4. "I know that after I leave, savage wolves will come in among you and will not spare the flock:" Does our shepherd understand how angry the world is with Jesus, and how a shepherd is as much wolf chow as a sheep? He is not exempt from temptation. He is not exempt from struggles. Does our shepherd humbly understand that because a shepherd leads a flock, he may be the first to go when the wolves start to pick off its members? Because of that, our shepherd needs to be vigilant about his walk in Christ.

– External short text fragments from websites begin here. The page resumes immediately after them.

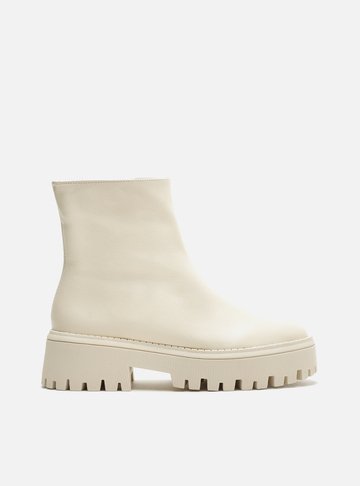 Bota Branca Cano Médio Tratorada Zíper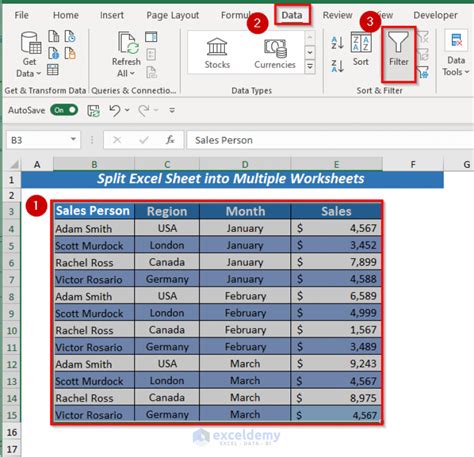 Excel Split Data into Multiple Sheets 的图像结果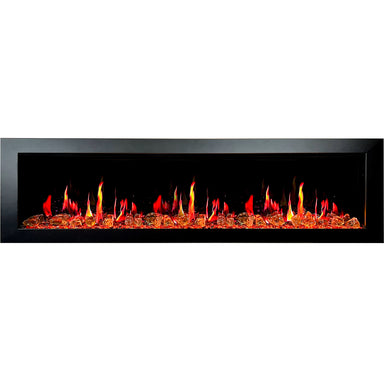 Litedeer Latitude II 78 Seamless Push-in Electric Fireplace_Reflective Fire Glass_Luster Copper_-Blaze Midsummer Flame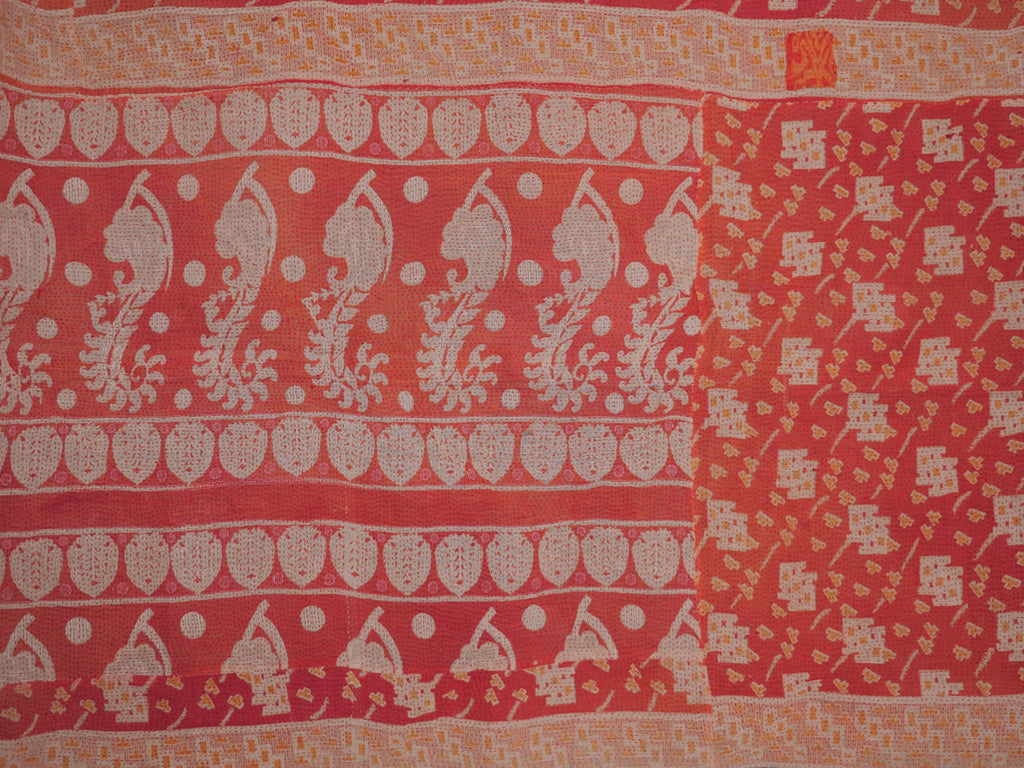 Kantha vintage couvre lit, rouge.
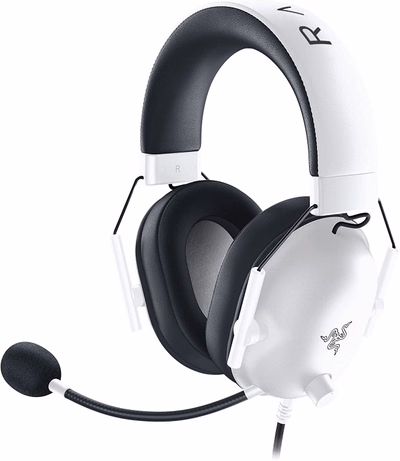 razer blackshark v2 x gaming headset, 7.1 surround sound, 50mm drivers, memory foam cushions, 3.5mm jack, pc, ps4, ps5, xbox, switch, mobile compatible, white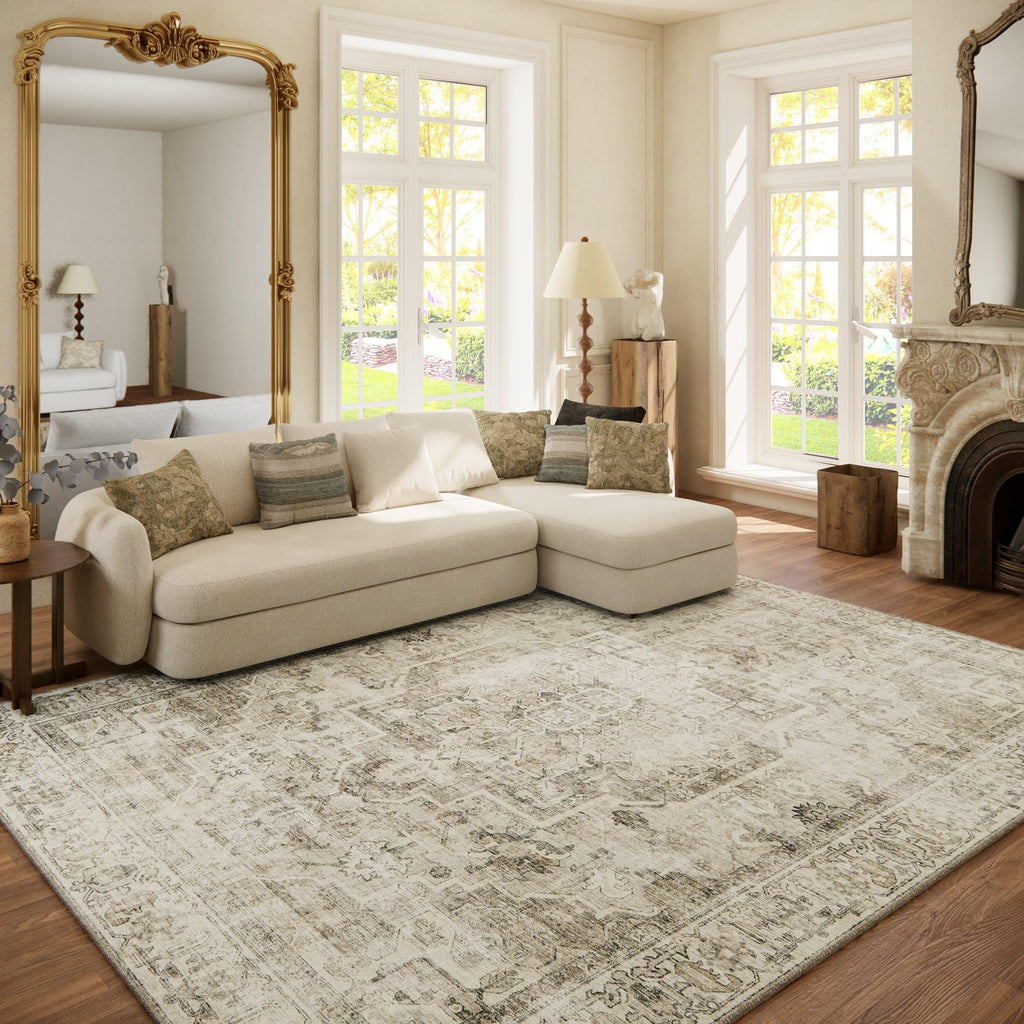 Washable Area Rugs for Living Room: 9x12 Bedroom Rug Boho Vintage Area Rug Stain Resistant Non Slip Low Pile Lightweight Soft Carpets for Dining Room Kitchen Nursery Kids Room Playroom Home Office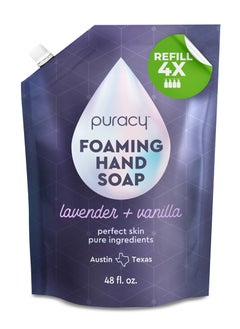 puracy Puracy Foaming Hand Soap Refill - Plant-Powered Natural Hand Soap As Seen on TikTok, Non-Toxic, Sulfate-Free Liquid Soap, Moisturizing Foam Handwash Liquid (Lavender & Vanilla, 48 fl oz) 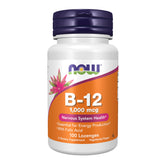 NOW Foods Vitamine B-12 1000 mcg avec acide folique, pastilles à mâcher, soutien du système nerveux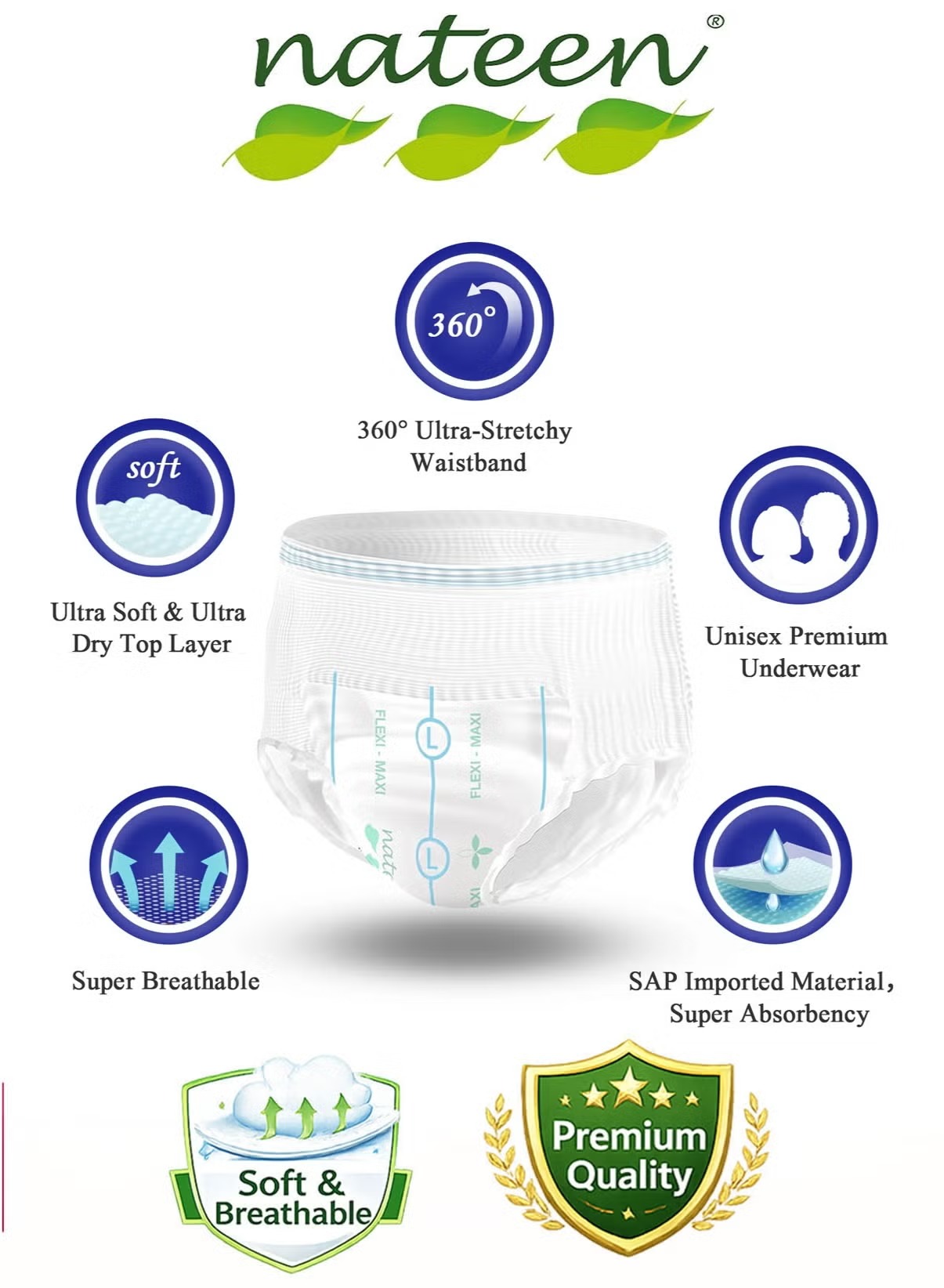 Nateen 10 Flexi Maxi Adult Pull-Up Diapers Large 110-170cm Waist 3450ml Absorbency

5. "Even from your own number men will arise and distort the truth in order to draw away disciples after them:" Has our shepherd picked a godly group of men who watch over him and who themselves follow the Lord without compromise? Is he accountable to them, confessing sin, seeking prayer and being teachable? If he has to choose between an erring brother and his walk in Christ, will he compromise and allow the brother to continue? Does he know the Word well enough to know when the truth is being twisted in order to justify some unbiblical action, and will not stand for it, either in himself or in someone else?
6. "So be on your guard! Remember that for three years I never stopped warning each of you night and day with tears:" Paul never stopped praying for the shepherds who oversaw the churches he planted, for he knew the wolves never rest. Does our shepherd pray for the safety, sanctity and souls of his sheep, as well as for himself?
It is hard to keep an evaluative eye upon your shepherd, because you want to trust him. You want to be free to pursue Jesus under his leadership.
But if any of the above criteria is repeatedly violated, you must ask the hard questions: Why am I still under this shepherd's leadership? Is he meeting an emotional need of mine, at my spiritual expense? Am I comparing him to others out there, and because his failures are not as egregious as others, I keep making excuses for him? (The standard is Jesus, not other shepherds.) Am I afraid that friends and family won't understand, so I keep everyone happy by ignoring how my shepherd is not aligned with the Word? Am I afraid of offending the shepherd and unwilling to face his anger, I remain silent?
Being a shepherd is a dangerous, beautiful, amazing and serious calling.
Being a sheep is a dangerous, beautiful, amazing and serious calling.
Jesus and Paul prayed for those who lead and for those who followed. We must do the same.